Un article stipule toutefois qu'aucun projet de construction ou de réparation d'un ouvrage public ne peut être financé sans que tout l'acier, le fer et les produits manufacturiers servant au projet aient été produits aux États-Unis.

Seule exception: les produits américains qui feraient grimper le prix du projet de 25% dans son ensemble. Mais c'est une démonstration qui s'annonce laborieuse à faire auprès des fonctionnaires américains.

À sa face même, cela contrevient sinon au texte, du moins à l'esprit de l'Accord de libre-échange nord-américain et aux accords commerciaux sous le parapluie de l'Organisation mondiale du commerce.

On ne sait pas quand ce projet de loi sera adopté ni sous quelle forme, vu la polarisation actuelle du Congrès à une année des élections présidentielles. Mais étant donné l'urgence de créer des emplois, il ne serait pas surprenant que le American Jobs Act soit adopté sous une forme ou une autre. Déjà hier, des républicains ont pris le président Obama au mot et ont réclamé le vote sur ce projet de loi.

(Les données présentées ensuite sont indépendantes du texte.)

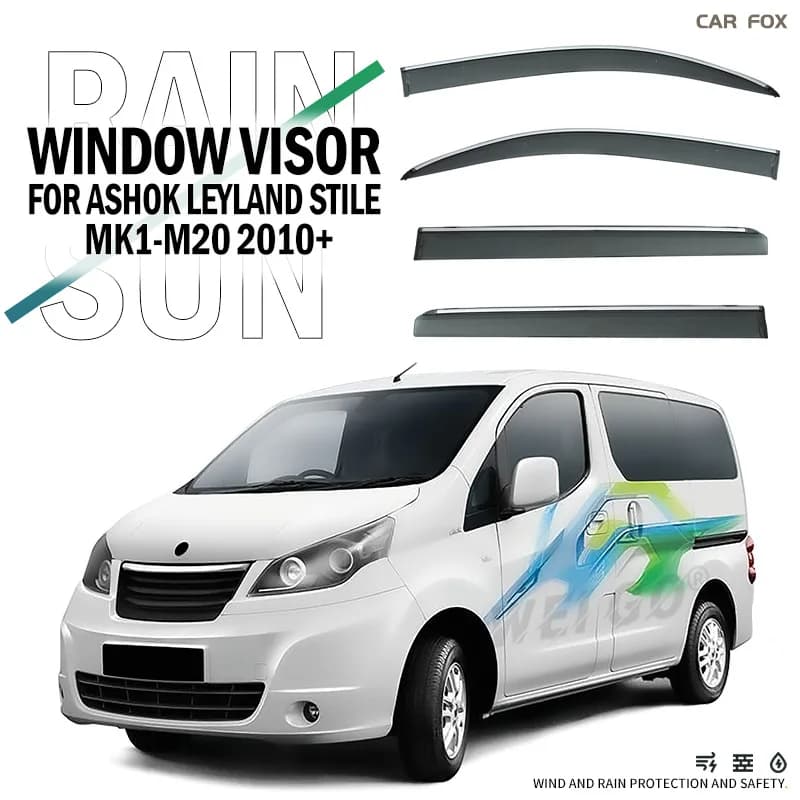 Per Ashok Leyland STiLE 2010 + Finestra di Automobile Visiera Tenda Parabrezza Finestrino Laterale Pioggia Parasole Accessori Car Styling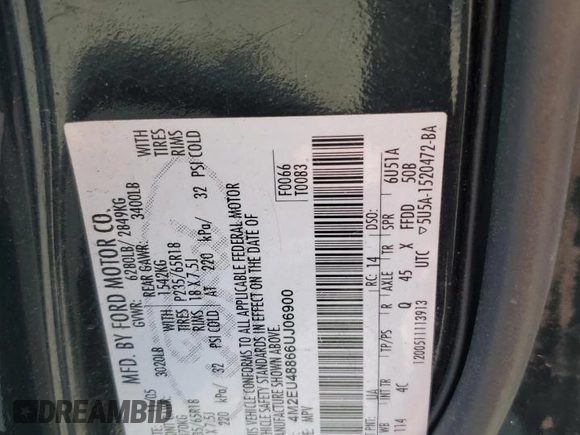 2006 Mercury Mountaineer Premier z VIN 4M2EU48866UJ06900, wystawiony jako Copart lot #60195565 z przebiegiem 202 312 mil mil oraz Szkoda całkowita • Salvage title. Historia ofert i sprzedaży dostępna na DreamBid. Obrazek 13.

Tout ce que le Canada compte de politiciens et de lobbyistes branchés à Washington devra s'activer pour tenter de faire renverser cette disposition. C'est ce qu'ils ont fait en 2009, alors que la clause Buy American du programme pour stimuler l'économie de 787 milliards US avait empoisonné les relations canado-américaines toute l'année. In extremis, Ottawa avait obtenu une dispense.

Le Canada devra donc reprendre tout ce travail diplomatique de sensibilisation, des courbettes entremêlées de menaces polies. Ouf!

Cela donne envie d'envoyer paître les Américains. Et puis, on se rappelle que, dans une guerre commerciale ouverte, ce sont les Canadiens qui ont le plus à perdre.

Même avec un dollar fort, les Canadiens exportent encore plus de produits et de services aux États-Unis (307 milliards en 2009) que les Américains ne vendent de produits et de services ici (286 milliards). Traduit simplement, les Canadiens ne tiennent pas le gros bout du bâton dans cette affaire.

Avec des amis comme cela, on se tourne la langue sept fois et on affiche son plus grand sourire poli.